• **What is needed**
Shown below is a listing with pictures; reproduce exactly, and only, the lines between the ones containing "living area with" and "A monochrome pencil", inclusive, leaving the pictures out.

• **Given information**
───

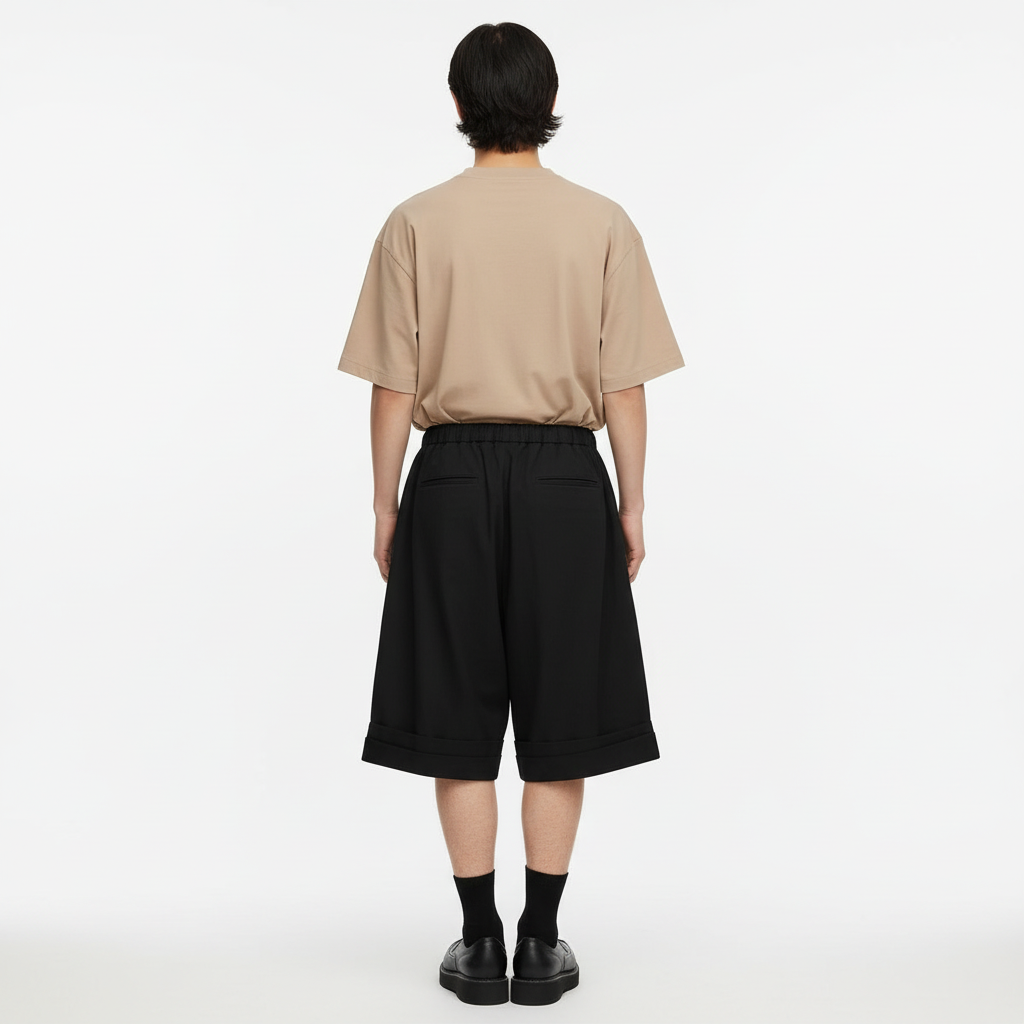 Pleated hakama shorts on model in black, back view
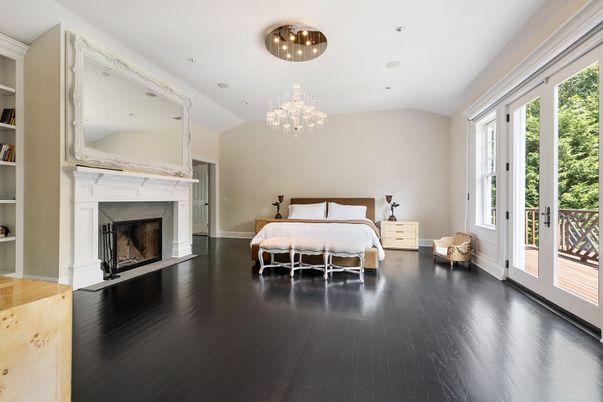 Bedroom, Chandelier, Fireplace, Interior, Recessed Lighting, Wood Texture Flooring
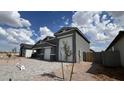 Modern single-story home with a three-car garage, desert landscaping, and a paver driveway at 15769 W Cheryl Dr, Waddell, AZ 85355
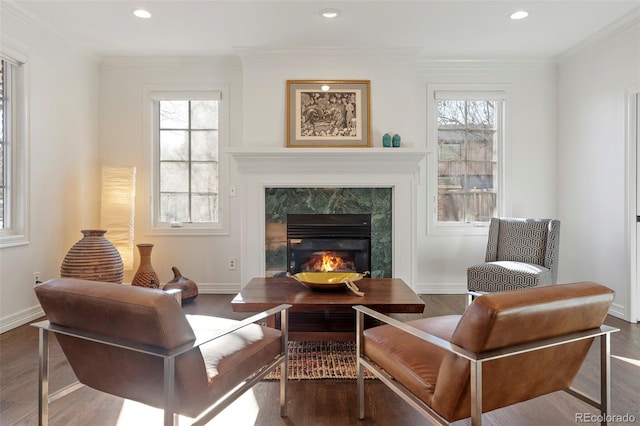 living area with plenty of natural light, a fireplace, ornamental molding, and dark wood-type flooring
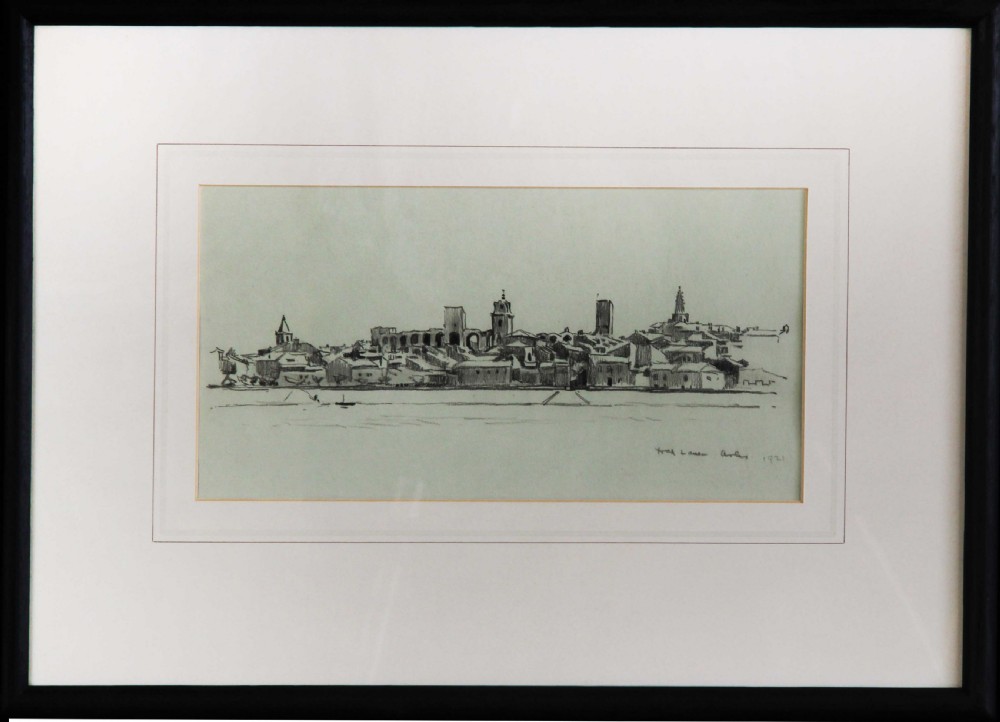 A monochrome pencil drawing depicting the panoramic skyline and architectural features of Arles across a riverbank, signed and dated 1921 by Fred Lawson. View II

───

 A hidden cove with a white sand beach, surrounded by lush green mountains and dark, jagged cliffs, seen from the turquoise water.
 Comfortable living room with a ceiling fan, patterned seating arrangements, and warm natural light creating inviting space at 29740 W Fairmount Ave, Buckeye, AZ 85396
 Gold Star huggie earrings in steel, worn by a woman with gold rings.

───

• **Your response**
 living area with plenty of natural light, a fireplace, ornamental molding, and dark wood-type flooring
 A monochrome pencil drawing depicting the panoramic skyline and architectural features of Arles across a riverbank, signed and dated 1921 by Fred Lawson. View II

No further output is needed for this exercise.